Плевральная пункция должна проводиться при любом, даже очень малом, количестве плевральной жидкости.
Плевральный транссудат — это, как правило, прозрачная соломенно-жёлтая жидкость небольшой относительной плотности, с низким содержанием белка и без склонности к осаждению при длительном отстаивании. Содержание клеток в ней не превышает 1,0×109/л.
Характерным свойством является также низкая активность в такой жидкости лактатдегидрогеназы (ЛДГ). Наиболее частыми причинами накопления транссудата в плевральной полости является застойная сердечная недостаточность (кардиогенный гидроторакс), цирроз печени, нефротический синдром, тяжелая форма микседемы
Плевральный экссудат — это жидкость желтого или оранжевого цвета с более высокой плотностью, высоким содержанием белка и фибриногена. Экссудат часто имеет свойство образовывать осадок при длительном отстаивании. Содержание клеток в нем часто превышает 1,0×109/л.
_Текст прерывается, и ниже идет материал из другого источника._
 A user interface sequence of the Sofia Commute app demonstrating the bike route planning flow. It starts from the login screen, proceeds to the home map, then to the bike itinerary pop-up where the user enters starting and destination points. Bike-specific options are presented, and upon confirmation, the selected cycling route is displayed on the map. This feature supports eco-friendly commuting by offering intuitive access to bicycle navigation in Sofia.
Высокой активностью отличается ЛДГ. Наиболее частыми причинами накопления экссудата в плевральной полости являются воспалительные процессы легких.
Показания к пункции:
диагностические: характер выпота, пункционная биопсия при подозрении на опухоль;
терапевтические: наличие застойного выпота, воспалительного экссудата, спонтанного или травматического пневмоторакса, гемоторакса, эмпиемы плевры, при наличии абсцесса легкого, а также для локального введения антибиотиков.
Клинические проявления:
1. Жалобы - одышка, сухой кашель. Боль в грудной клетке на стороне поражения, которая усиливается при дыхании, кашле, при наклоне в противоположную сторону, снижается при иммобилизации грудной клетки. Возможны напряжение мышц передней брюшной стенки, болезненная икота и боль при глотании. Дыхание становится поверхностным, частым.
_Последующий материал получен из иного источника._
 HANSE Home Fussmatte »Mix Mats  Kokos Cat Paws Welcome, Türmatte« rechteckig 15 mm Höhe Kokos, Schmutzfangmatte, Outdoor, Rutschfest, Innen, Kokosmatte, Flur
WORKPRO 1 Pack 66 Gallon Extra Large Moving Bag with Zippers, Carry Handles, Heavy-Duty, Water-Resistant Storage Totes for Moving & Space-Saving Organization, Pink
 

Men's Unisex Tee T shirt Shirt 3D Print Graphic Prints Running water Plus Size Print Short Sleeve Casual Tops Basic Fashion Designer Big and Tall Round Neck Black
2. Анамнез заболевания – расспросить больного о наличии заболеваний, которые могут привести к накоплению плеврального выпота (пневмония, заболевания соединительной ткани, аллергическая и аутоиммунная патология, онкологические заболевания, кардиальная патология, хроническая болезнь почек, туберкулез органов дыхания, хронический панкреатит и т. д.). Выяснить, не принимает ли больной лекарственные препараты, способствующие развитию плевральных выпотов (нитрофураны, прокарбазин, метотрексат, практолол).
3. Анамнез жизни – наличие профессиональных вредностей (контакт с асбестом). Эпиданамнез (наличие контакта с больными туберкулезом, наличие вирусных гепатитов, ВИЧ; переливания крови, операции). Перенесенные заболевания. Наследственность.
4. Объективное обследование: при осмотре особое внимание обратить на:
а) Наличие признаков травматического поражения грудной клетки (ссадин, гематом, порезов).
б) отставание грудной клетки при дыхании;
в) наличие асимметрии грудной клетки с увеличением в объеме пораженной стороны (характерно для экссудативного плеврита); при этом межреберные промежутки могут быть увеличены, что придает сглаженность грудной клетке на стороне поражения.
г) Вынужденное положение (лежа на больном боку, уменьшая тем самым неблагоприятные последствия давления выпота на легкое и средостение). При очень больших выпотах - полусидящее положение.